I have tried so many different Cinnamon Scrolls recipes before, both easy and difficult, but this recipe is the best yet! It is very easy with not too many steps involved, and the dough only needs to rise once rather than the usual twice.
Rather than proving the dough in a bowl, before shaping the dough and proving again like most recipes call for, we skipped the first proving. Instead, we lest our dough rest for 10 minutes before rolling, and then let our scrolls double in size once they were assembled.

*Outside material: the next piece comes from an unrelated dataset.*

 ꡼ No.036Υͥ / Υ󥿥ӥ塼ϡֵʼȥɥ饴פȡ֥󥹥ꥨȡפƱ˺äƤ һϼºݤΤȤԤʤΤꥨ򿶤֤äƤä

The dough still turned out perfectly, and the scrolls are just as soft, if not softer, than any other dough we have made.
These scrolls are a simple cinnamon and sugar scroll, but once you have mastered the dough you can fill it with anything you like, such as adding sultanas or finely chopped apple.
- 2 1/2 cups bakers or plain flour
- 2 tablespoons sugar
- 2 1/2 teaspoons dried yeast
- 1/2 cup water
- 1/4 cup milk
- 40g butter
- 1 egg
- 45g extra butter, softened
- 1 tablespoon cinnamon
- 1 tablespoon brown sugar
- 1/2 cup icing sugar
- 1 tablespoon extra milk.
In a large bowl, combine the flour, sugar and yeast.
Place the water, milk and butter in a microwave proof and microwave until butter has melted. Pour the butter mixture into the dry ingredients, add the egg and mix until a dough forms, adding a little extra flour if necessary.
Turn the dough onto a lightly floured surface and knead for a few minutes, until dough is smooth and elastic. Let the dough rest for around 10 minutes.
Roll out the dough until it makes a rectangle measuring approximately 35cm by cm. Spread on the extra butter, the sprinkle over the cinnamon and brown sugar.
Roll the dough into a log from the long side. Cut into 12 evenly sized rounds. Place the scrolls in a greased 24cm square baking dish and place in a warm area for around 1 hour, until scrolls have doubled in size.
Bake at 180c for 30 minutes, covering with foil 10 minutes into the baking time to prevent the scrolls from browning too much.
To make the glaze, combine the icing sugar and extra milk in a small bowl.
Drizzle the glaze over the scrolls while still in the baking dish and serve.